La giornata di oggi, e la musica di stasera, dipingono perfettamente la parabola delle sensazioni dell'arrivo di un lungo inverno. All'inizio un entusiasmo che sfida l'intimidazione del freddo con ottimismo. Poi, subito dopo, una languida malinconia che però dà ancora un sentimento di conforto inspiegabile e domestico. Infine, l’accettazione che la semplice e pura tristezza esiste, e che bisogna viverla senza artifici se non, al limite, un briciolo di fiera rassegnazione. In questo trambusto emozionale, il Festival BBMix ha avuto il ruolo di fautore della catarsi, come le tragedie in un teatro greco: la serata di oggi è stata un vero e proprio rituale di purificazione.

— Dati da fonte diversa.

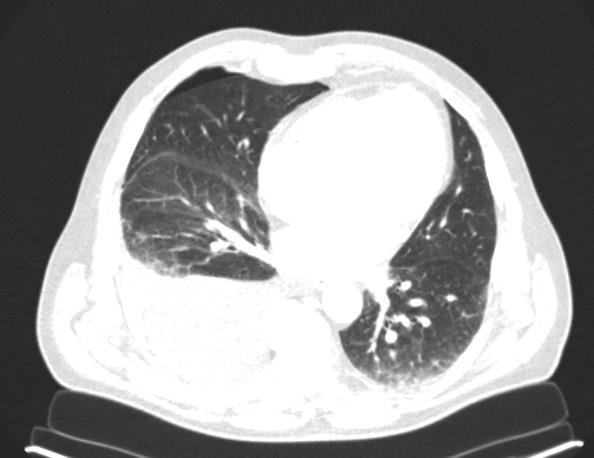 Kazuistika, muž, 67let kontrolní HRCT (za 4 měsíce) progrese fluidotoraxu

Durante il suo set, a un certo punto La Féline dice che anni fa era venuta al BBMix per vedere gli Young Marble Giants. È lì che mi sono incuriosito davvero alla filosofia del festival e ho esplorato le vecchie line-up. A parte che ci sono stati headliner da capogiro, tutti con un'essenza squisitamente invernale, ma poi hanno tutti come fil rouge il concetto stesso di catarsi: Swans, Spain, Boris, James Chance & The Contorsions, Wire, Faust… Andare a un festival per ritualizzare l'arrivo della stagione più dura dell'anno e accettarla con naturalità mi sembra un concetto bellissimo. Magari l'anno prossimo sarà tramite scariche di drone e shoegaze, ritmi sabbatici e ossessivi oppure ancora con la crudezza di uno slowcore scheletrico. Poco importa: l’idea mi convince e l'anno prossimo presenzierò. 

Ma l'anno prossimo è ancora lontano. È cominciato un lungo inverno, e probabilmente non sarà facilissimo. Ma la stagione continua.